The Heroes was published by Gollancz in 2011, the second standalone novel set in the First Law world. Its formal constraint is radical: the entire novel takes place over three days of a single battle between Union and Northern forces, fought over a ring of standing stones called “the Heroes” — and the title’s irony is total, referring simultaneously to the ancient stones, to the characters who fight around them, and to the concept of heroism that the novel systematically dismantles.
Abercrombie tells the battle from both sides: Union commander Lord Marshal Kroy (competent but politically constrained), Northern chief Black Dow (shrewd but paranoid), and a rotating cast of soldiers — Bremer dan Gorst (a disgraced swordsman seeking death in combat), Calder (a schemer who wants power without fighting), Curnden Craw (an aging warrior trying to do the right thing in a system that punishes it), and Prince Calder’s brother Scale.

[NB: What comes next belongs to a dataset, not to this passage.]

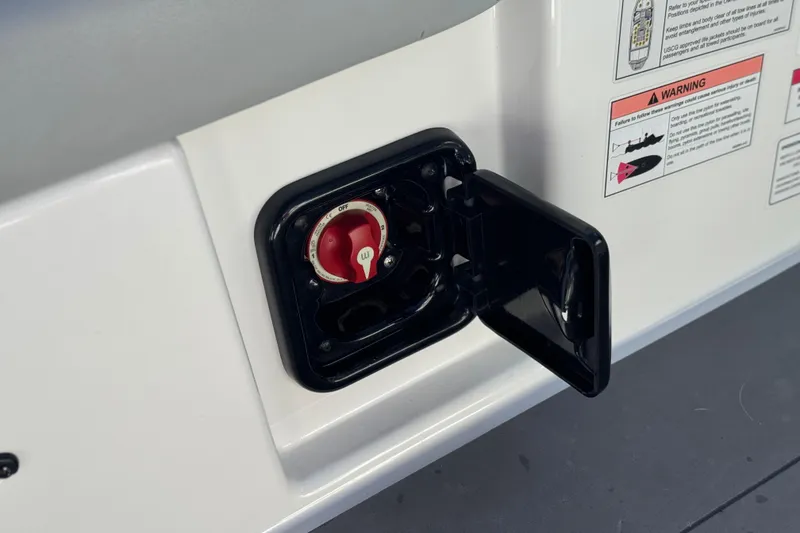 Slide: The Image of 2023 Axis T220 boat battery switch with open cover and warning labels. - 30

The battle itself is rendered with documentary precision: the fog of war, the miscommunications, the friendly fire, the logistics failures, the moments of random death that mock individual skill or courage. Abercrombie’s battle is not an arena for heroism but a system in which individuals are irrelevant — where victory and defeat are determined by supply lines, terrain, and the willingness of commanders to commit reserves at the right moment.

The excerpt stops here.